Defect in RandomMatrices as you pointed out.

Looks very good! I will try it on my computer. A dumb question is what is the difference between StaticArrays and regular arrays. Thanks

It is not a dumb question. Static arrays are immutable and regular arrays are mutable. Understanding the implications of that is not obvious. I wrote this when I first started to grasp the utility and importance of the difference: Immutable variables · JuliaNotes.jl.

Maybe it helps.

1 Like

Thanks, this note is really useful!

Hi guys. The code using StaticArrays performs really good, much faster than my previous version. Now I try to random seed the function rand_haar2, so I tried

const local_rng = Future.randjump(MersenneTwister(123),1)

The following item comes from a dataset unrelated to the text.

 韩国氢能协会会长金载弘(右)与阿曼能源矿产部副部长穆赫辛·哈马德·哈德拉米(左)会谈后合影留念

function rand_haar2(::Val{n}) where n
    M = @SMatrix randn(local_rng,ComplexF64, (n,n)) # = rand(Ginibre(2, n))
    q = qr(M).Q
    L = cispi.(2 .* @SVector(rand(n)))
    return q*diagm(L)
end

But it doesn’t work. I got

ERROR: TypeError: in Type, in parameter, expected Type, got a value of type MersenneTwister

Anyone knows why? The reason I want to seed the random number generator is because I try to use parallel computing. Thanks!

That’s not entirely true, is it? StaticArrays also provides mutable versions of arrays, although the SMatrix used in this case is of course the immutable kind.

1 Like

Indeed, the difference is more about in what type of memory the array is stored. How mutable static arrays are implemented to be stored on the stack is beyond my understanding.

Another crucial difference, perhaps the main difference, is that StaticArrays have fixed size, encoded into their types.

4 Likes

I actually don’t see what mutability has to do with it. A piece of memory on the stack is no different in the way it is addressed compared to one on the heap. Maybe LLVM treats the stack wildly different, but in C/C++ an array on the stack can be used in the same way as one on the heap. It’s just that it can’t outlive a certain scope.

1 Like

Here is a better source, seems didactical: Chapter 6: Static arrays

1 Like

It is somewhat unfortunate that this page talks about ‘static arrays’ in the context of C++. The concept ‘static’ in C++ has quite a few different meanings (with new ones being defined with every specification update it seems). But ‘static’ arrays as described on that page would have better been called ‘fixed-size’ or ‘constant-size’ arrays (which then matches Julia’s StaticArrays.jl types).

A static array in C++ usually implies either having static linkage (meaning it’s not visible outside the defining translation unit, i.e. C++ file), or having static initialization (meaning it will keep it’s value over multiple calls of the function in which it is defined). But this is getting pretty far off-topic for a Julia forum :slight_smile:

2 Likes

Note that @jisutich resolved this problem in Error when @SMatrix randn(rng,ComplexF64,(2,2)) · Issue #1019 · JuliaArrays/StaticArrays.jl · GitHub — apparently the preferred syntax is now:

M = randn(local_rng, SMatrix{n,n,ComplexF64})

which works with a local_rng argument, unlike @SMatrix.